Choinski also popped the question — to her grandmother.
Choinski, 28, asked Barbara Bevilacqua, 81, of East Setauket if she would be ordained as a minister so she could perform the Farmingdale couple’s wedding ceremony at Oheka Castle on July 4, 2019. “She couldn’t say ‘Yes’ fast enough. She was overjoyed,” said Choinski, a middle school social studies teacher.
“But then I sat down and thought about it, and then I wasn’t so sure,” Bevilacqua said. What would she have to do to be ordained? Would she be confident enough to speak in front of the wedding guests? Could she control her emotions to get the words out without happy tears?
“It never entered my mind that I would be doing something like that. Then the more I thought about it, the more I liked the idea. I’m excited now,” she said.
A skim of published wedding announcements and wedding data shows more and more couples are embracing the idea of asking friends or family members to do the honor of marrying them. Sometimes it’s because the couple aren’t religious and would prefer a more secular celebration. Sometimes it’s prompted by an interfaith marriage. It might be because a gay couple can’t find a mainstream minister who will marry them. Many couples say it’s because they want to customize their ceremony.
In its first year of existence in 2010, for instance, the Seattle-based American Marriage Ministries ordained 485 ministers from New York; in 2017, that number was 5,543, said executive director Lewis King.
Becoming ordained is less intimidating than it sounds. “I thought you maybe had to take a couple of classes,” Choinski said.
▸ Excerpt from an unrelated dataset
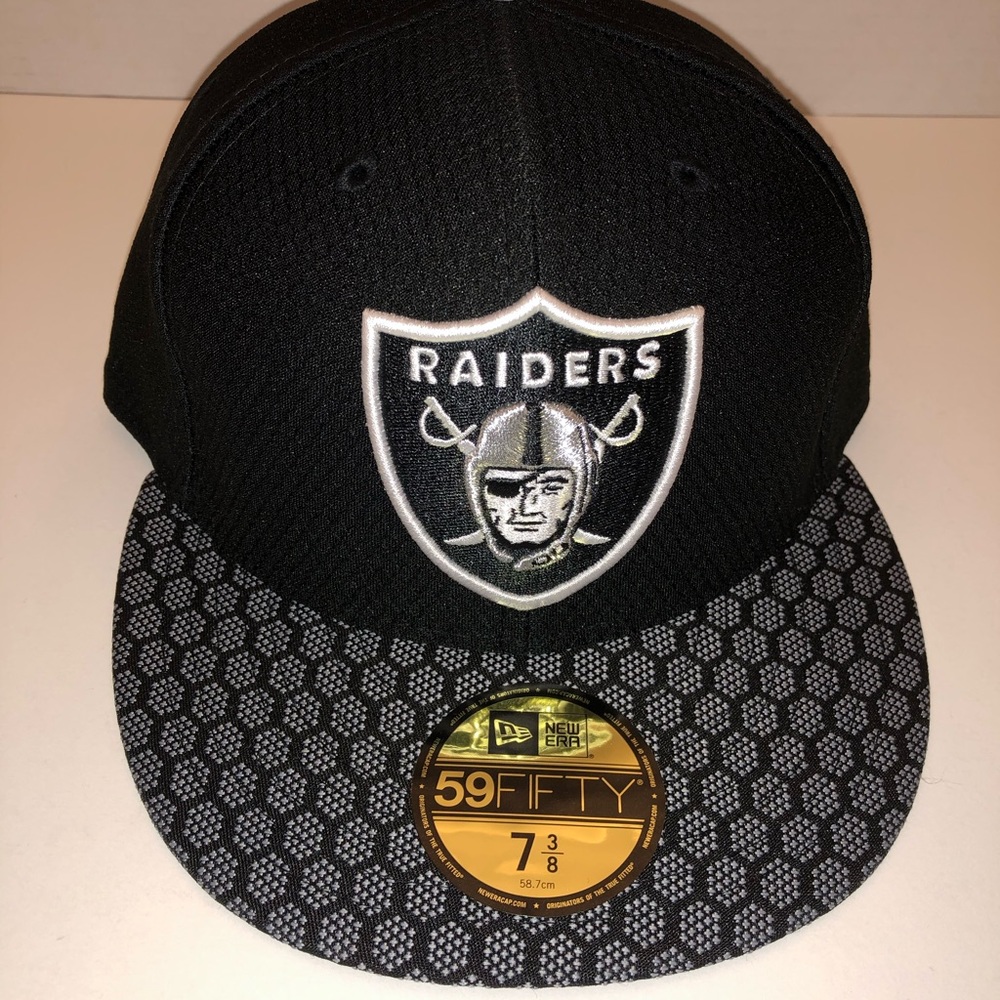 New Era 59Fifty Oakland Raiders Fitted Hat 7 3/8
But you just visit the website of American Marriage Ministries, the Universal Life Church or other such nonprofit organizations and fill out a form.
And congratulations, you can officiate at weddings.
Took off with millennials
To be married in New York State, a couple applies for a marriage license from their local government, then their union must be witnessed by an authorized public official or member of the clergy who signs the license, according to the state Department of Health.
“The determination of who a minister is has never been put into law or codified. To do so would be a violation of the freedom of religion and the Constitution,” said George Freeman, presiding chaplain for the Universal Life Church Monastery. Many ordained-online ministers don’t have to have religious training, attend a seminary, lead a brick-and-mortar congregation or have a background in theology.
“Our goal is to lower the barrier to marriage because we think it’s such an important part of society,” King said.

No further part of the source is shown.